Max Perkins (interpretato in modo non particolarmente sottile da Colin Firth) è forse il più famoso di questi uomini responsabili del “parto” di grandi opere letterarie; oltre che con Thomas Wolfe, Perkins lavorò con Hemingway e Scott Fitzgerald, che qui compaiono in brevi camei. Il cinema è da sempre affascinato dalla creazione letteraria ma uno scrittore all’opera è assai meno affascinante di un artista (a parte mordicchiare penne d’oca come lo Shakespeare in love di Joseph Fiennes o scrivere ansiosamente a macchina c’è poco altro da fare). Qui Jude Low sfodera tutto il campionario del genio focoso e incompreso, destinato a luminosa quanto breve parabola di successo, con tanto di amante al seguito (è Nicole Kidman, sempre un po’ sopra le righe anche lei), catturando se non altro la nostra simpatia umana con la sua triste parabola. Il Perkins di Colin Firth, oltre che correggere a penna e a tagliare in abbondanza le opere fiume di Wolfe, se ne fa carico accogliendolo in casa e di fatto condividendo con lui un pezzo di vita.

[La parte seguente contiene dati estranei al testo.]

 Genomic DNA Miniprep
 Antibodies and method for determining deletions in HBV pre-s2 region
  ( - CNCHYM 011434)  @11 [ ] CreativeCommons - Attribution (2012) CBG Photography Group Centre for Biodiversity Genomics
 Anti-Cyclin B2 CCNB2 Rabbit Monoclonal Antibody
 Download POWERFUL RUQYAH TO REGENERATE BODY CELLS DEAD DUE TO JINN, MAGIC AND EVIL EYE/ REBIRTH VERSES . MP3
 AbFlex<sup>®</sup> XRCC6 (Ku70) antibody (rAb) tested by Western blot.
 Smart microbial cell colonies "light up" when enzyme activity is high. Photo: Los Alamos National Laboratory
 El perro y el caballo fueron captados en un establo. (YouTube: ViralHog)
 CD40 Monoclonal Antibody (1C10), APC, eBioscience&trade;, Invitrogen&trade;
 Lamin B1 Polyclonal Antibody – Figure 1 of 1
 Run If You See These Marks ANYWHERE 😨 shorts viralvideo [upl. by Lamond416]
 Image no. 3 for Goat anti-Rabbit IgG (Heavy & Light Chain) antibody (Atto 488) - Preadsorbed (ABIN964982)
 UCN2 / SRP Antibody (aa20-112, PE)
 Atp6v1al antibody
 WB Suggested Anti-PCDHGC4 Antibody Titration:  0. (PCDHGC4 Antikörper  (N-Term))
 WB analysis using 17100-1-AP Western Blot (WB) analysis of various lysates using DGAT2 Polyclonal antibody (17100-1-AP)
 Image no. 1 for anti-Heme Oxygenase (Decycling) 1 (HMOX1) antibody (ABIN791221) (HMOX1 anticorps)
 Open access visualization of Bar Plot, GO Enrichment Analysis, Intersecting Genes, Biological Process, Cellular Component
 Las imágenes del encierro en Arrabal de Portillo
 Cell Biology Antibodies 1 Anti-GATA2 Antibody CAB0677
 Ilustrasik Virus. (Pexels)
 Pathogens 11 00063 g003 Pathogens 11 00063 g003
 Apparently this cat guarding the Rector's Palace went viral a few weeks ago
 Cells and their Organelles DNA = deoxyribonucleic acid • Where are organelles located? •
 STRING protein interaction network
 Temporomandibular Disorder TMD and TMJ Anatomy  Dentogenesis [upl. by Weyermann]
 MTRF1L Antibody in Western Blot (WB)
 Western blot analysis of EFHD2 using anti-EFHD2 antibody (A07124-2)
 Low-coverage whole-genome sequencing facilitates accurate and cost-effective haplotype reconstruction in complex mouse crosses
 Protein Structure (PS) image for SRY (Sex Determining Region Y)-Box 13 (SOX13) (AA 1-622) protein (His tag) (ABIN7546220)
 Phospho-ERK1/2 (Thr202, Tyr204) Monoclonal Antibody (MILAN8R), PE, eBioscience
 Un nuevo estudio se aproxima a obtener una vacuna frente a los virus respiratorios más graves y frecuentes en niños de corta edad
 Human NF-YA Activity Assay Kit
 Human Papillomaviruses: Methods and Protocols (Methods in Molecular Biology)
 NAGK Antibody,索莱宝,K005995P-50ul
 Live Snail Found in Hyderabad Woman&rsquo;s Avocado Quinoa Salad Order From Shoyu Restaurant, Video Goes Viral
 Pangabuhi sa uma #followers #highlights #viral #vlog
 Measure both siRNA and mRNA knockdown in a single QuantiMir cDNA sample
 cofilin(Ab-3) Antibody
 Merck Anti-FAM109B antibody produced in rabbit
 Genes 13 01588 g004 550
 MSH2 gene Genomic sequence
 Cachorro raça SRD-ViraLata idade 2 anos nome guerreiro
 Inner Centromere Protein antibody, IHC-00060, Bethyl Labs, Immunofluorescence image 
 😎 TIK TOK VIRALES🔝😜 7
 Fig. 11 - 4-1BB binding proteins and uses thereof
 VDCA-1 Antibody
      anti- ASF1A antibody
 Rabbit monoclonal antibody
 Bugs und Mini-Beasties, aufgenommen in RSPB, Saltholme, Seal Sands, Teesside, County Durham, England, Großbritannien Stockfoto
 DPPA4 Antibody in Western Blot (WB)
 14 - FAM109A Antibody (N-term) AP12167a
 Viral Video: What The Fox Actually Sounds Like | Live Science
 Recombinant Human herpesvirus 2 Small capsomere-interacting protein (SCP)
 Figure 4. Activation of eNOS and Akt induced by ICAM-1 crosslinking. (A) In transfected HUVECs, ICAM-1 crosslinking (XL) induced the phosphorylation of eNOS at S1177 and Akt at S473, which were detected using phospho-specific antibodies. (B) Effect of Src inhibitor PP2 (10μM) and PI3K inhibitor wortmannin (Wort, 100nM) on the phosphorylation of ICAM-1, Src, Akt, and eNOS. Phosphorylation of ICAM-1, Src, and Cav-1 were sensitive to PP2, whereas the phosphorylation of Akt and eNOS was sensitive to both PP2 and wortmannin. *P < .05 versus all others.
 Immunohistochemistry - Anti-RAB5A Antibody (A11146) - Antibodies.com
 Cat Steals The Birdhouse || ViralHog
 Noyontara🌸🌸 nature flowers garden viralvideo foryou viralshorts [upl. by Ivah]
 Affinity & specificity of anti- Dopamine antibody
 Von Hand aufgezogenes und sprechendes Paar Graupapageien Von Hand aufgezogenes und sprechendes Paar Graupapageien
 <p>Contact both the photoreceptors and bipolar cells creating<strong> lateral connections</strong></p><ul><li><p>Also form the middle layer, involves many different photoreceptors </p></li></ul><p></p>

L’intensissimo rapporto tra i due, nella furia creativa diventa totalizzante e finisce per creare scompensi sia nella vita famigliare di Perkins che a suscitare anche le gelosie dell’amante di Wolfe. Il contrasto tra l’uomo di famiglia misurato di Firth e il gigionesco artista di Law è da manuale (fin troppo) ed è il cuore di tutta la storia. Ma non basta da solo a sollevare un film troppo compiaciuto e corretto, destinato a piacere solo ai più indomiti amanti del genere.